Time will tell, either way its going to be an interesting road for sure. Logic would denote i get an older flybar trex 700 to start with, but im hoping my tenacious attention to detail will serve me well and i can get this project off the ground.
Less fun is the 1000mm octocopter that is also getting a pixhawk 2.1 and here+ gps.
Helis are my passion, so that gets the love first! Honestly, for a video platform my helicopters vastly outperform the octa any day so that makes more sence to start with. Faster, handles wind better and after alot of tuning, no jello ever.
Tim
I’ve flown 3.5 some and I don’t think you’ll have a problem with it, although there is a lot of new stuff in 3.5 that still needs to be tested. My settings from 3.4 carried forward into 3.5 with no problems with my 500DFC. I haven’t seen a Pixhawk2.1 on a heli yet, so that will indeed be interesting. Flybars make a better camera platform than FBL does because they are more stable and only require attitude controller compensation from the autopilot for wind. The flybar does the rest as far as rate and damping and there is no multirotor I’ve seen that can match a flybar heli for stability. A flybar can do jello-free video with no gimbal at all using a hard camera mount. So it will be interesting to see if you can get a FBL head tuned well enough for a camera platform with your new hardware and software.
Since I have not seen a Pixhawk2.1 in person yet, I hope you post some photos of the installation, as far as how it fits without (hopefully) doing a mod to the frame to mount it underneath.
Well, regarding 3.5, that is good to hear. I totally expect problems with new firmware on anything. Heck, my phone, motherboard in my workstation or even my smart thermostat for my heating system all experience hiccups after a firmware update and usually some months later it is patched after some real world beta testing. The big difference is, it seems in this hobby/commercial world, is that people expectl perfection every time and if something goes wrong even with a beta firmware, they lash out and bash the hardware and every developer associated with it.
As i maintained, even during my issues with procuring a unit, im okay with real issues like firmware hiccups and the like. Thats all part of beta software/firmware and development.
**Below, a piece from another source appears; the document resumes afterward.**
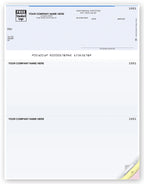 DLT120 Laser Top Multi-Purpose Check 8 1/2 x 11"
Ive had the experience repeated many times with many different things over my years of working with open source hardware/software.
But i digress, regarding flybar helis, i understand the bonuses and the detriments. I originally chose to go FBL when i designed my aerial rig as it eliminated some mechanical complexity at the sacrifice of many years of trouble free use/testing in the field already. It took alot of work getting the system to fly correctly and without ossicilation or vibration, but in the end it just plain worked well and that was using a simple AR7210BX. I never did get the stabilisation portion of the firmware to play well with the under-slung gimbal i use, but piloting it manually using just the gyros it worked awesome.
Ill see if i can dig up a photo of the rig, it is a rather large gimbal usually used on a 1000mm+ heavy lift multi adapted to hang under the helicopter. Ive flown anything from a 5DMKIII under it to a Nikon ASPC DSLR attached to an Atomos Ninja 2 RAW field recorder (My favorite combo, gets great clean video).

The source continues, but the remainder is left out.